The ink is barely dry on the Supreme Court’s decision in Carr v. United States, and already we have a contentious case in the Seventh Circuit questioning its meaning.  In Carr, the Court had to interpret a notoriously clumsy bit of legislation from 2006, the Sex Offender Registration and Notification Act (part of the so-called Adam Walsh Act).  SORNA makes it a federal crime for a person who is required to register as a sex offender to (1) travel in interstate commerce, and (2) knowingly fail to register or update a registration.  In Carr, the Court held that a person may not be convicted under SORNA based on travel that occurred prior to SORNA’s enactment.

At the time Carr was decided, the Seventh Circuit already had pending before it United States v.
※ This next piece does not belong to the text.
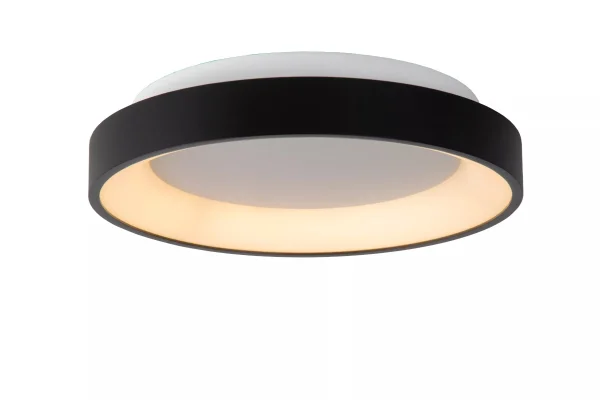 Lucide Vidal - plafonnier - Ø 28 x 6 cm - 21W LED inclus - noir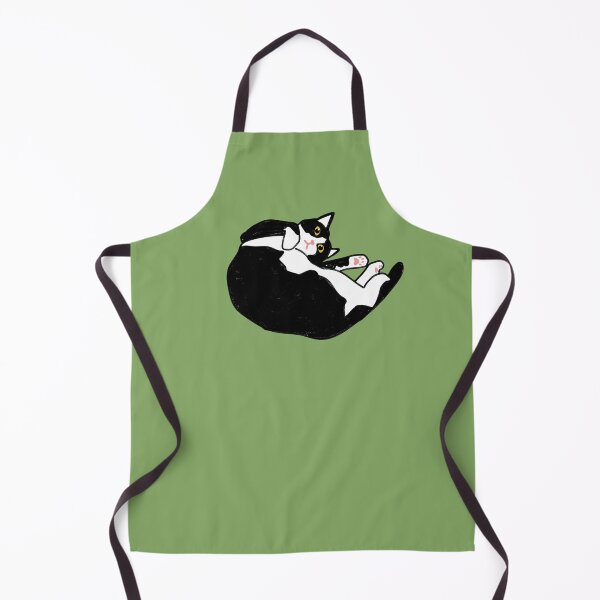 Item preview, Lazy Tuxedo Cat Lying in a Curled Pose designed and sold by Gumigrida.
Vasquez.  Vasquez was convicted of a SORNA violation on the basis of stipulated facts that showed (1) he failed to register as a sex offender as he was required to do in Illinois, and (2) he subsequently traveled from Illinois to California for some undetermined purpose.  On appeal, Vasquez argued that the statute required the government to prove he had knowledge of his federal registration obligation, and that the statute exceeded Congress’s regulatory authority under the Commerce Clause.

The Seventh Circuit rejected these arguments in a majority opionion authored by Judge Bauer.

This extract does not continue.